Despite what you may have heard, Santa Claus is – or was – real, and archaeologists in Turkey think they've pinpointed the location of his final resting place.
Centuries before the jolly red mascot became a fixture of Christmas consumerism, Saint Nicholas was a 4th century bishop who inspired the modern Santa myth – and new claims suggest the grave of this gift-giving churchman lies beneath an ancient church in southern Turkey.
After three months of investigations, Turkish archaeologists say they've discovered what looks like an intact temple and burial grounds underneath Saint Nicholas Church in the province of Antalya, in a town called Demre – formerly known as Myra, where Saint Nicholas was made bishop.
It's thought that this undisturbed tomb, if that's what it truly is, could be where the revered saint was laid to rest.

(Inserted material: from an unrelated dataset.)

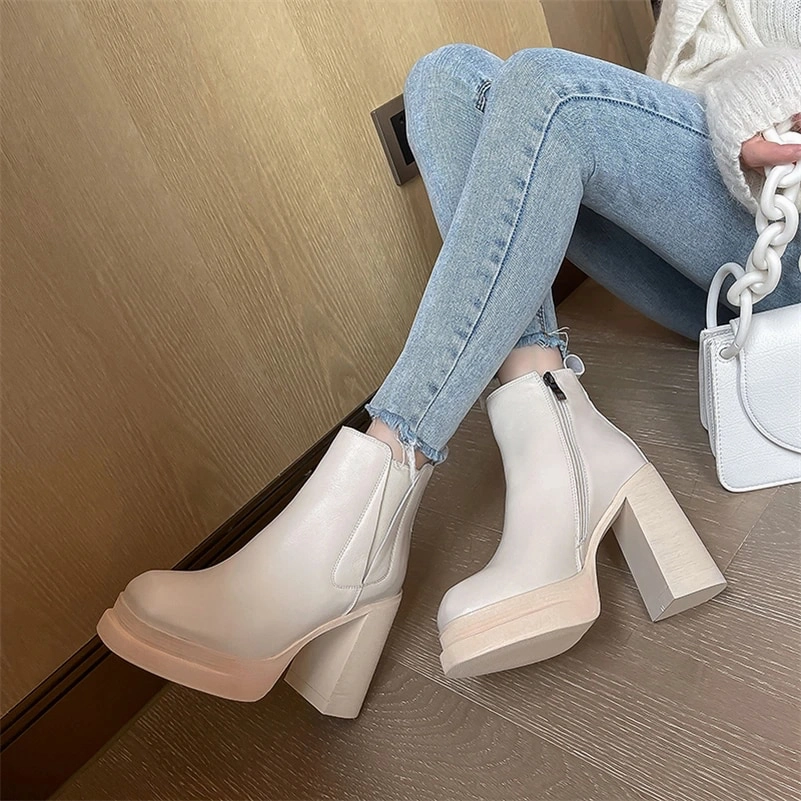 USS Shoes Cony Women's Square Toe Platform Boots Leggings And Cowgirl Boots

"The temple on the ground of the church is in good condition," the director of surveying and monuments in Antalya, Cemil Karabayram, told Turkish newspaper Hürriyet Daily News.
"We believe that it has received no damage so far. But it is hard to enter it because there are stones with motifs on the ground. These stones should be scaled one by one and then removed."
If the archaeologists are right, it could mean the history books will need some updating.
It has been traditionally thought that Saint Nicholas's remains had been transported to the city of Bari in Italy by Italian merchants in 1087, some 700 years after his death.
According to that interpretation, the sailors smuggled or stole his bones to preserve them during a period when the town was under frequent attacks by Seljuk Turks.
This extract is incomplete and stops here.